『最強交渉人のNOを必ずYESに変える技術』(島田久仁彦)<2回目>
本書は、国際ネゴシエーターとして世界で活躍されている島田久仁彦さんが交渉の要諦をまとめた一冊です。交渉の準備から実際の交渉まで、何を意識し、実践すればよいのか、技術面にフォーカスした内容となっています。
(印象に残ったところ‥本書より)
〇いかに戦わない交渉を行うか(いかに双方に利益をもたらすことができるか)という交渉を行うスタイルに変えてから、手掛ける調停が成功裏に終わるようになり、その結果、「どんな難問でも解決に導く調停官」と呼んでいただけるようになった。
〇交渉・商談に臨む前に知っておきたいこと
・交渉のプロは聞き上手。相手の話をじっくり聞くことで事前の調査や分析にプラスして、相手の立場が手に取るように理解できるようになる。それをベースに自分側の交渉ポジションとプレゼンテーションの仕方を微調整する。

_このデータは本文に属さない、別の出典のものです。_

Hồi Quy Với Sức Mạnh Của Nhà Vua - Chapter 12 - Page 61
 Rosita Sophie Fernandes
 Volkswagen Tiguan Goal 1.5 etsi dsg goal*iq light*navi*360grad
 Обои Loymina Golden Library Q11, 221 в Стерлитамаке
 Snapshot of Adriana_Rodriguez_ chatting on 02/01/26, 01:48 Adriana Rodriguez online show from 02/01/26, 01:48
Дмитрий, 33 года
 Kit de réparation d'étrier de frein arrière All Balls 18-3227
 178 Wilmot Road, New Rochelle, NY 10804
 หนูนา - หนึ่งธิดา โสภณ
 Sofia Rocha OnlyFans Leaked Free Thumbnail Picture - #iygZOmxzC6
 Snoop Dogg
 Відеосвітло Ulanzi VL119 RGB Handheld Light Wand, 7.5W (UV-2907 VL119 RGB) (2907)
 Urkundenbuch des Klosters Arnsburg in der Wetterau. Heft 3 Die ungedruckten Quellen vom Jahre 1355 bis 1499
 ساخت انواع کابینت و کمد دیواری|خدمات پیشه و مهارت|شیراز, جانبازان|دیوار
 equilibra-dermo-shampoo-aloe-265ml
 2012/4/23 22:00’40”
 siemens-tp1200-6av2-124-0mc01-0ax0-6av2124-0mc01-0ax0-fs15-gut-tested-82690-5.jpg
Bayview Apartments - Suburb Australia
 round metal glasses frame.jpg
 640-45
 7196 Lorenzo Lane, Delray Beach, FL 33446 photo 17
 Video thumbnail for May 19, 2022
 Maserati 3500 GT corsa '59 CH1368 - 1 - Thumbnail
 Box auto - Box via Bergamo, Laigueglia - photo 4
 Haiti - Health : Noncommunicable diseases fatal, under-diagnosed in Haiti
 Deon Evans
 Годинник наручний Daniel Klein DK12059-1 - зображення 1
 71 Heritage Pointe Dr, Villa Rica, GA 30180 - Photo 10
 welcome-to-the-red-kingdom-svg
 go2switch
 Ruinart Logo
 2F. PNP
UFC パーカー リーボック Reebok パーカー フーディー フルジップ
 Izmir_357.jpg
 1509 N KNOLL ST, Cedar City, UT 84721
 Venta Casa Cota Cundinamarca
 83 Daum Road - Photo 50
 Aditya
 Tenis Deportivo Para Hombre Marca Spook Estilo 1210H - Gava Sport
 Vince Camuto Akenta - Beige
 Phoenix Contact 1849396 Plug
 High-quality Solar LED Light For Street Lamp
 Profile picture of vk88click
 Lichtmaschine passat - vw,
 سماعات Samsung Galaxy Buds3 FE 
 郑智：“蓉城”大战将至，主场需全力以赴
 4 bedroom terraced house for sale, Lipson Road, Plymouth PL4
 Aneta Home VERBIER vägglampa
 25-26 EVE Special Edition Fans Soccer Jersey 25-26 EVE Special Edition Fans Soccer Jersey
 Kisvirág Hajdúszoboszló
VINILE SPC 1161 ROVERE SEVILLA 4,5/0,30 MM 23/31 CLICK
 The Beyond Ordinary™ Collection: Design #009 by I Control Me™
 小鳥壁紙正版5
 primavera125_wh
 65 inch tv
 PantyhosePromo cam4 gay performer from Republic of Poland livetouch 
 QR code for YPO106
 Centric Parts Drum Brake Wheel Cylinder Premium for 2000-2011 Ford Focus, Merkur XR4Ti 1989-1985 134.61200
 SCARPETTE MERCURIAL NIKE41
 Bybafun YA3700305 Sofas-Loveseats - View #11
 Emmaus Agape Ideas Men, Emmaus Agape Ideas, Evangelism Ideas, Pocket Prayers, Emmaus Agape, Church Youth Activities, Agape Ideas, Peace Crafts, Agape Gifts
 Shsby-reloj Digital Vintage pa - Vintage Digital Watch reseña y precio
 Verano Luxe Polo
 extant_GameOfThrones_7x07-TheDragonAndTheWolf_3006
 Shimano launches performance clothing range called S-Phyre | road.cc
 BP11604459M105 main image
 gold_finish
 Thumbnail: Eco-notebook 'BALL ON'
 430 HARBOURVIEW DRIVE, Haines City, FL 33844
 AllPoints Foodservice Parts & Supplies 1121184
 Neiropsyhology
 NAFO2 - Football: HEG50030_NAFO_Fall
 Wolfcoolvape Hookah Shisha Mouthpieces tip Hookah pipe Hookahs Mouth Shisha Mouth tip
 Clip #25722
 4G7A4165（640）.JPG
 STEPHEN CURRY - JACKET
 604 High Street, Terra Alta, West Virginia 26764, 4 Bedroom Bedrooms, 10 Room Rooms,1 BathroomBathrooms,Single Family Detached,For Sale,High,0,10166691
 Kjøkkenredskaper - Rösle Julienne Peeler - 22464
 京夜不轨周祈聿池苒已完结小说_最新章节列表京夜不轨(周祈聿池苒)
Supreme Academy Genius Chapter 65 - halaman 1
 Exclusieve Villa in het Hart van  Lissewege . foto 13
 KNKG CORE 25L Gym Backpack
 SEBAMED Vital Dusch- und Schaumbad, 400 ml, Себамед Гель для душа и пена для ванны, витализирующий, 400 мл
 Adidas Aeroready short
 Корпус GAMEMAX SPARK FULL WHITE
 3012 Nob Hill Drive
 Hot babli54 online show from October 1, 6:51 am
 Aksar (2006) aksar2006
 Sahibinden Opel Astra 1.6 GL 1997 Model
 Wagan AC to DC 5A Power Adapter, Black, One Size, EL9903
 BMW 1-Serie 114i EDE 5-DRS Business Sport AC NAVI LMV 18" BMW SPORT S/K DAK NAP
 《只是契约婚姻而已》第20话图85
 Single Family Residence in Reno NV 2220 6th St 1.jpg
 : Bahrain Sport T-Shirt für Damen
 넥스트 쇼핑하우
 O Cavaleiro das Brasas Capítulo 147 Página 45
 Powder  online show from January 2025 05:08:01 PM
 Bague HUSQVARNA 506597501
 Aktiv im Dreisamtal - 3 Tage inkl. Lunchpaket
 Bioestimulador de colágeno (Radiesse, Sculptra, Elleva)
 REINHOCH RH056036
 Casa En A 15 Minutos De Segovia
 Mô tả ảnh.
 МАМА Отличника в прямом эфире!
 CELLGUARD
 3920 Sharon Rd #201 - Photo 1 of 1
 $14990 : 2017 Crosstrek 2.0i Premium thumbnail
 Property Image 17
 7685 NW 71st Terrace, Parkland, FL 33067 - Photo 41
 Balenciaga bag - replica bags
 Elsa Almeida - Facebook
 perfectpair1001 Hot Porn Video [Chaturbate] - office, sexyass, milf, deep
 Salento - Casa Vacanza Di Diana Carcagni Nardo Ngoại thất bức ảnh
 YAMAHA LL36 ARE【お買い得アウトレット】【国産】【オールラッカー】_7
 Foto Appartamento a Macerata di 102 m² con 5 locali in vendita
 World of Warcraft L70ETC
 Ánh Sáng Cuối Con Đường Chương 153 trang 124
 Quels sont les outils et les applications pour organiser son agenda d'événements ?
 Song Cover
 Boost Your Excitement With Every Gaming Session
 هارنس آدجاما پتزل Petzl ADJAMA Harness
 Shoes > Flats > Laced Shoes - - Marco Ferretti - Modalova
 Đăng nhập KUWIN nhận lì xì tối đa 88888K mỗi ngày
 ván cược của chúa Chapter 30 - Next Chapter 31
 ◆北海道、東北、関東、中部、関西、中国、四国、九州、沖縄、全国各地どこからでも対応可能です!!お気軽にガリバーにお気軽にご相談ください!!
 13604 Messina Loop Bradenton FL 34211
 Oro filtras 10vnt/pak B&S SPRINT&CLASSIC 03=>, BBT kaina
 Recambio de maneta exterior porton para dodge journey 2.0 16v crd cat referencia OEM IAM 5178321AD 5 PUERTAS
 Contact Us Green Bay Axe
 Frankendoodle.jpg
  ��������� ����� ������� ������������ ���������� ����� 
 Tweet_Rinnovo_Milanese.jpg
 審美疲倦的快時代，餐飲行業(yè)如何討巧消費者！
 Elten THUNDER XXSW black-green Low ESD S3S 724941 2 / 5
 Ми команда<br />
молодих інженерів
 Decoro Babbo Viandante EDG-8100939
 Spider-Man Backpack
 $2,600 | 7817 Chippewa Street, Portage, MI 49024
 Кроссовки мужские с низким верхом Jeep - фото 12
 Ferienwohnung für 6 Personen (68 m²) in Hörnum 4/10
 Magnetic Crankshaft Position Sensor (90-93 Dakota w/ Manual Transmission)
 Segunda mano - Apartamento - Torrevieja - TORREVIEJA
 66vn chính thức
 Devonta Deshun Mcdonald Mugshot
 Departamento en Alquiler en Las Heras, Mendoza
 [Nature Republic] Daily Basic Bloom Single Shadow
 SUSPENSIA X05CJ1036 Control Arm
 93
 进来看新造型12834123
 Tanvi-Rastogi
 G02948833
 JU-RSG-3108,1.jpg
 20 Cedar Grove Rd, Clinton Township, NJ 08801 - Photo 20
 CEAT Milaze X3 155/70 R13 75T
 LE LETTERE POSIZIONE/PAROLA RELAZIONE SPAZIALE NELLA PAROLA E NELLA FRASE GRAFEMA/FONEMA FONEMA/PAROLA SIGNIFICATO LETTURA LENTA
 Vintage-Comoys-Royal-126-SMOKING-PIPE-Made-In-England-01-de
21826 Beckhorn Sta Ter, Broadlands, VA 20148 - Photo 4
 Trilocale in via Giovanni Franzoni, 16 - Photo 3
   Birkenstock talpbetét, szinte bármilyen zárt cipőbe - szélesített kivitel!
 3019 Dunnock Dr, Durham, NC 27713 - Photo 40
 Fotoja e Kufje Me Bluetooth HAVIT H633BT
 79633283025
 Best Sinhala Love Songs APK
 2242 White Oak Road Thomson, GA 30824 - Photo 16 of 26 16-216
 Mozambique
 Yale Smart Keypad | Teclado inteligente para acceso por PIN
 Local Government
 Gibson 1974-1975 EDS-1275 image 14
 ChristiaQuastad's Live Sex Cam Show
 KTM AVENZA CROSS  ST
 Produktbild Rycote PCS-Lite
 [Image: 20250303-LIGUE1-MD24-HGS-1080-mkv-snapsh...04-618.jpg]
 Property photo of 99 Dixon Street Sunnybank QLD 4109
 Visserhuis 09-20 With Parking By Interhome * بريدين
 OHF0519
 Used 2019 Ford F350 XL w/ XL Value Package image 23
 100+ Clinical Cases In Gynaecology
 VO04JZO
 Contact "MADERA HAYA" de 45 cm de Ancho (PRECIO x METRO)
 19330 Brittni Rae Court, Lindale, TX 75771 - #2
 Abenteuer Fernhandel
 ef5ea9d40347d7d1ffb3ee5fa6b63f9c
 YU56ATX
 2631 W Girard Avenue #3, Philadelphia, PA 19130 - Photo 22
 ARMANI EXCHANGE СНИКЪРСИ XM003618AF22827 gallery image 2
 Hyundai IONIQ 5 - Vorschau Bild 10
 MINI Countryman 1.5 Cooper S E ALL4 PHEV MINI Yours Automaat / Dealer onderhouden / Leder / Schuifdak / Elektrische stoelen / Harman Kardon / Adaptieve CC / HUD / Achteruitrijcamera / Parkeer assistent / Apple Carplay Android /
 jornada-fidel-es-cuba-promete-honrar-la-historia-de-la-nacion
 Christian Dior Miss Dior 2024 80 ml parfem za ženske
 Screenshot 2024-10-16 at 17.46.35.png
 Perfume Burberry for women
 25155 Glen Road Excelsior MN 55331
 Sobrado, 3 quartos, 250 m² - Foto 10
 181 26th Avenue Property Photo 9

・いかに手の内を明かさないでいるかが肝。自分から交渉スタンスは話さない。
・交渉は72時間(3日間)以内に終わらせる。それ以上かけても解決できない。
・時間を制するものが交渉を制す。相手にも必ずデッドラインがある。
・他人事と捉えたほうがうまくいく。常に客観的な視点を失わないこと。
・自分がされて嫌なことはしないというのもひとつのルール。
・迷ったら「人として間違っていないもの」を選ぶ。この視点を基準にすれば残念な結果を防げる。
・相手企業だけでなく自社の情報を集めるのがカギ。身内だから分かっているようで、案外見落としがち
〇交渉中のポイント
・第1回目の交渉は自分がリラックスできる場所を指定する。1回目は自分のテリトリー、2回目は相手の希望する場に出向くことを提案する。
・窓側を背に座る。自分の表情を見づらくし、相手の表情を見やすくする。自分が窓側に座れないときは、相手にも窓側に座らせないようにする。
・沈黙で圧倒的優位に立つ。相手の不安を誘発すれば、望んだ結果を得やすくなる。
・不利な状況を覆したいときは、「わからないふり」。「先ほどから仰っていることがわかりません」「う~ん、ちょっと理解できないので教えてください」などという言葉は、相手が長く話した後に驚くほど効果がある。
・第一印象の20秒で勝負。笑顔+ポジティブな挨拶で相手を褒める。
・国を越えて相手の信頼を得るには、タブーに触れない、批判しない、批判させない。外国を訪れるときには、いずれこの国の人と交渉するつもりだと思って、その国のことを出来るだけ知ること。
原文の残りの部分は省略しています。